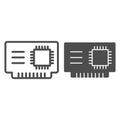 Microchip line and glyph icon. Cpu vector illustration isolated on white. Chip outline style design, designed for web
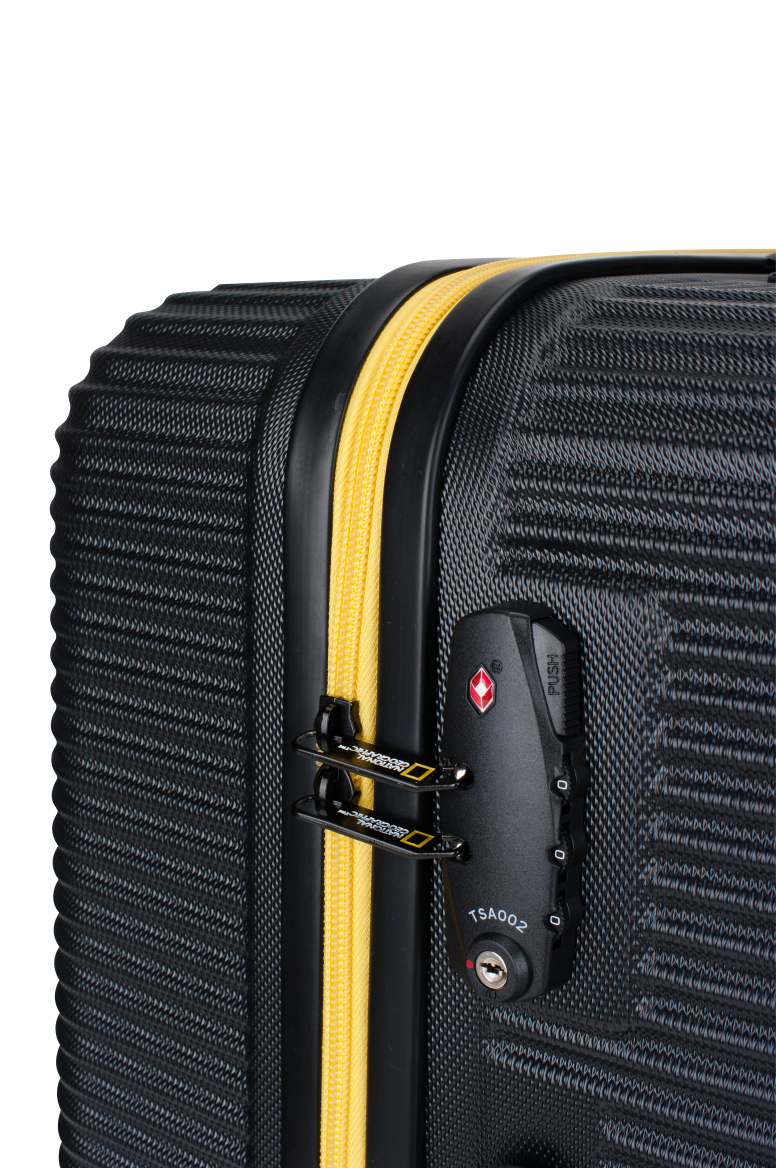 National Geographic Abroad S - TSA-Slot Aanzicht Zwart hard reiskoffer | luggage4u.be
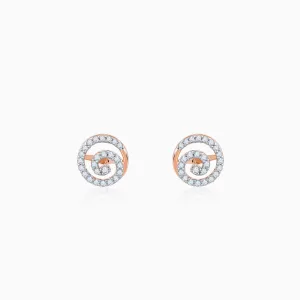 Rose Gold Sparkling Swirl Diamond Studs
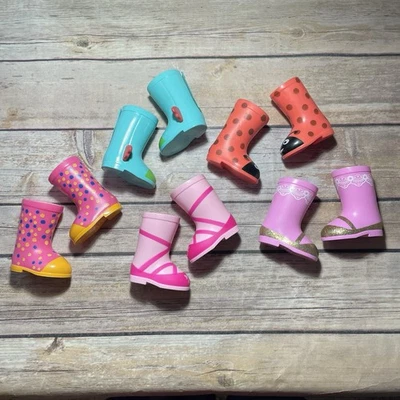 American Girl Doll Wellie Wishers Meet Boots Set Of 5 Ballet Lady Bugs Fish Dots - Image 1 of 4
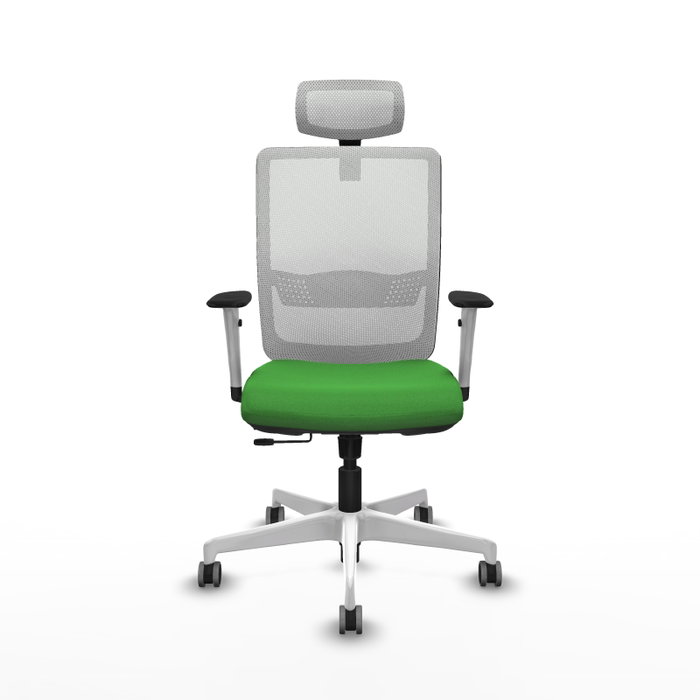 PIQUERAS Y CRESPO Silla de oficina Haches Verde con malla Blanca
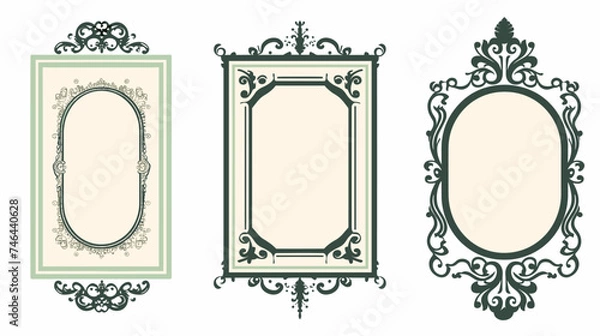 Fototapeta Set of Decorative vintage frames and borders. Vector design.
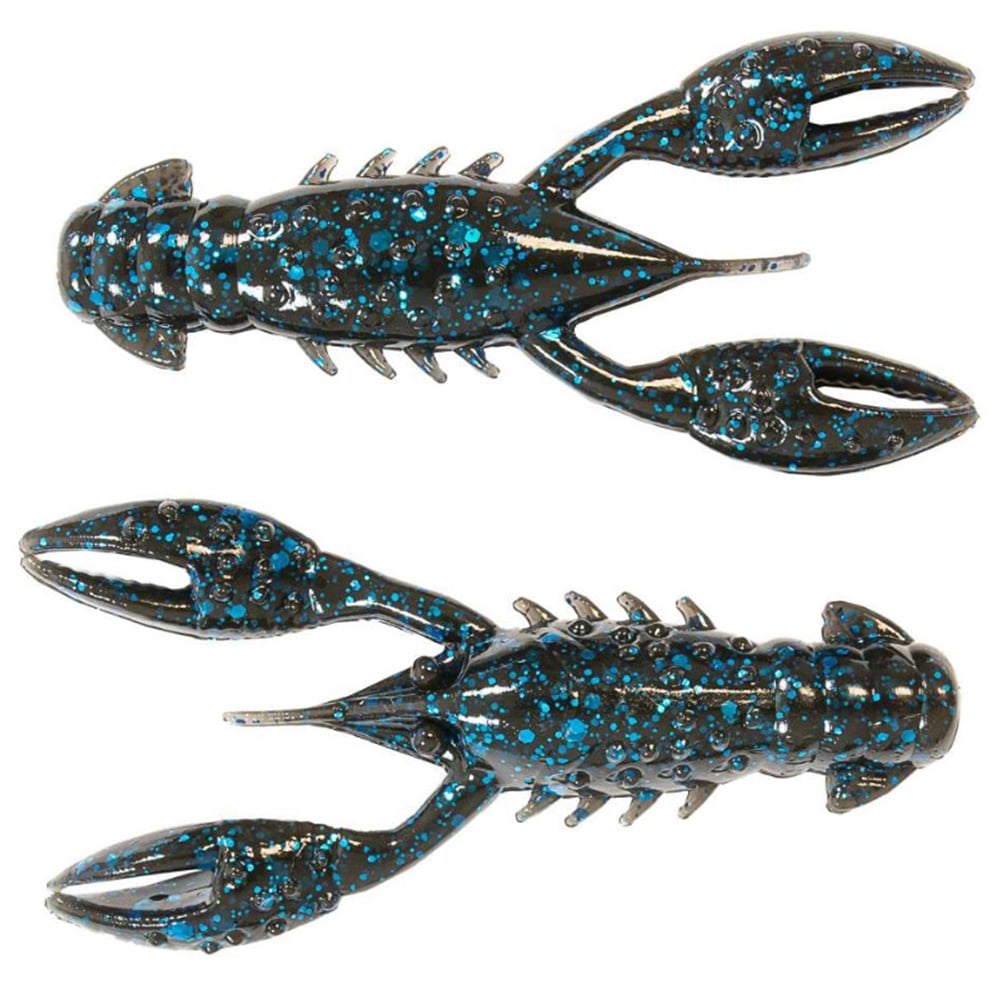 Two realistic, black Z-Man TRD Crawz lures with blue speckles are displayed. Featuring buoyant claws and segmented bodies, they're ideal for Ned Rig fishing. The top lure faces left; the bottom one faces right.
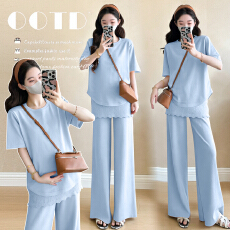 批发<b class='q'>实拍</b>大板型~夏季新品<b class='q'>孕妇</b><b class='q'>慵懒</b>休闲套装针织衫+屁帘裤子两件套穿搭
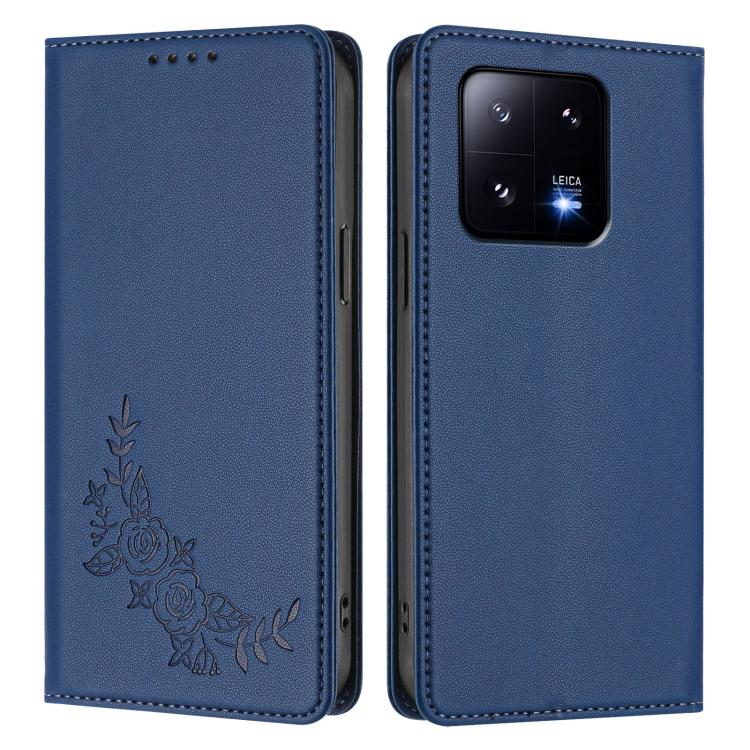 For Xiaomi 13 Pro 5G Peony Embossed Magnetic RFID Vegan Leather Phone Case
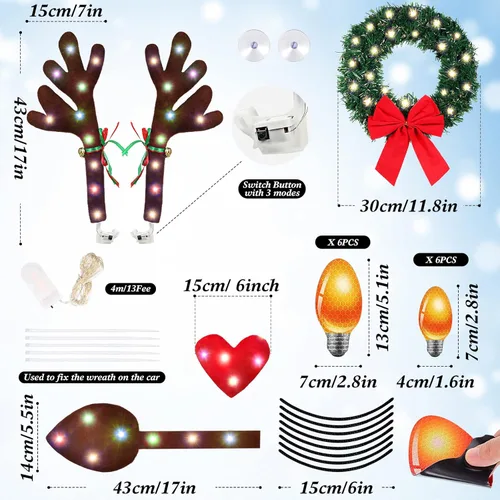 Miniatura 5 de Paquete de 3 cuernos de reno de Navidad para coche con luces LED, decoraciones de coche de Navidad, corona de Navidad iluminada, imanes reflectantes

Work instructions:
Above are records; write out the lines from the one with "Fototapeta Set of" down to the one with "Two realistic, black", exactly, leaving the pictures out.

Solution to this task:
 Fototapeta Set of Decorative vintage frames and borders. Vector design.
 Two realistic, black Z-Man TRD Crawz lures with blue speckles are displayed. Featuring buoyant claws and segmented bodies, they're ideal for Ned Rig fishing. The top lure faces left; the bottom one faces right.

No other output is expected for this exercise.